In short, do people change that much? Does everyone turn into a new leaf in a few years? The change leaves me bewildered at times. In retrospect however, they might not have changed at all. They might have just shown their true colours (and I mean this in a good way) later. I guess we never know who we really are, when we're in school. As kids, we don't have opinions, or rather, we never think about having opinions. Everything is decided for us. It's only when we are teenagers, that we change. It's only when we grow up, and are free (or at least, partially free) to make our own decisions or to explore the world on our own that we change.
This led me to ask one more question- Have I changed? I didn't think I did. Or at least when I began the whole self-evaluation thingy.
Have I changed? Oh god, so much. When I was in 3rd class, I used to feel scared that 1st and 2nd classes had already gone by, so fast. When I was in 10th, I was scared that my whole school life had passed me by in a flash, in a whisper and I didn't realize it. Now I'm nineteen, in 2nd year, wondering where the previous semester of college has gone. Okay, coming back to the point... I've changed.
I used to hate the idea of disco. I never wanted to be a teenager. I thought having boyfriends was disgusting. My aim in life was to work at the NASA. I used to think rock music was just plates being thrown together. I was the perfect teacher's pet. And oh, I was domineering and short-tempered.
Now, I want to go to the Disco (stupid timings at BPGC). I want to fall in love (read my earlier post talking about stupid lou). My aim right now is to finish college with a good CGPA, NASA baad mein. I love rock and metal, Guns' n' Roses, Queen and Floyd literally saved my life. I don't know any teachers here, but I wouldn't mind being a certain one's pet. And now, people say I'm too compromising, a doormat, and sickly sweet.
I don't understand how we change, so suddenly. How one day, we wake up and decide, I'm not going to look like that anymore.
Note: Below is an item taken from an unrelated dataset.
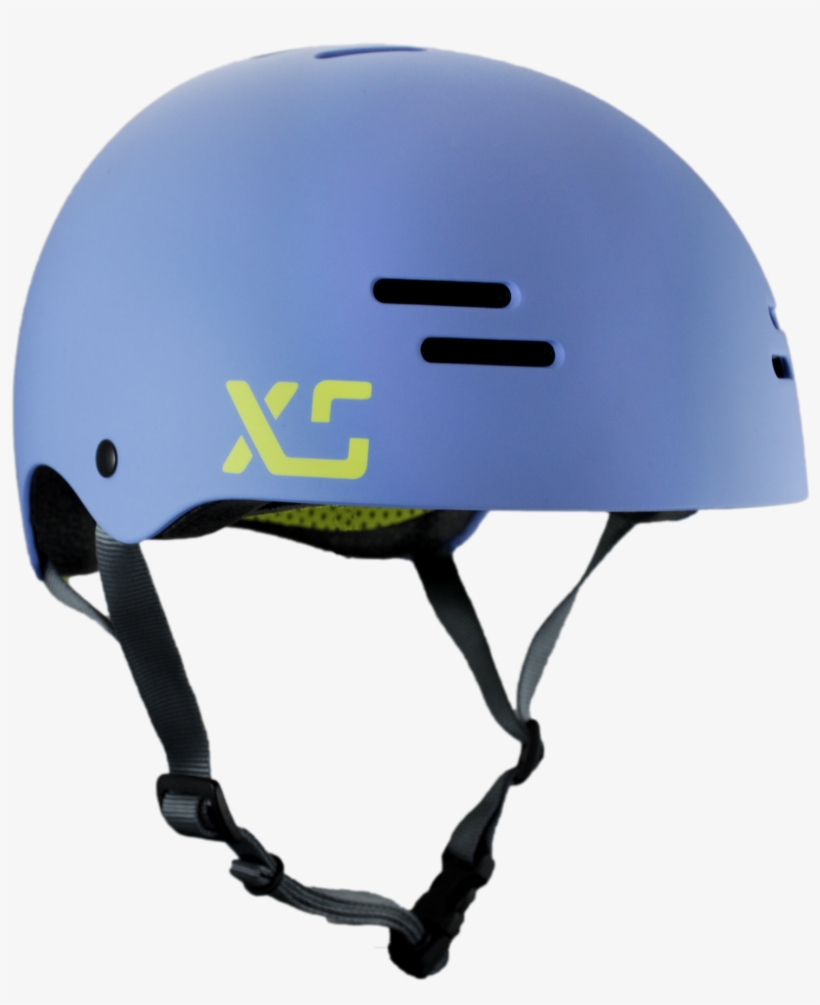 The Kid Helmet - エックスエス Xs ヘルメット ジュニア キッズ スケート 自転車 スケートボード プロテクター スケボー, transparent png #7997391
I'm not going to do that anymore. I'm going to be different. I'm going to be much better than before. Maybe I'll never understand it. Maybe people will also never understand how and why they have changed. Because it's a long, slow process. Becaus eit comes upon us when we least expect it. Change and Transition, we're your pawns, dancing to your silly tunes, are we not?
Now I have to go and change.Literally. :P Dinner awaits, and today, i'm eating out-for a change.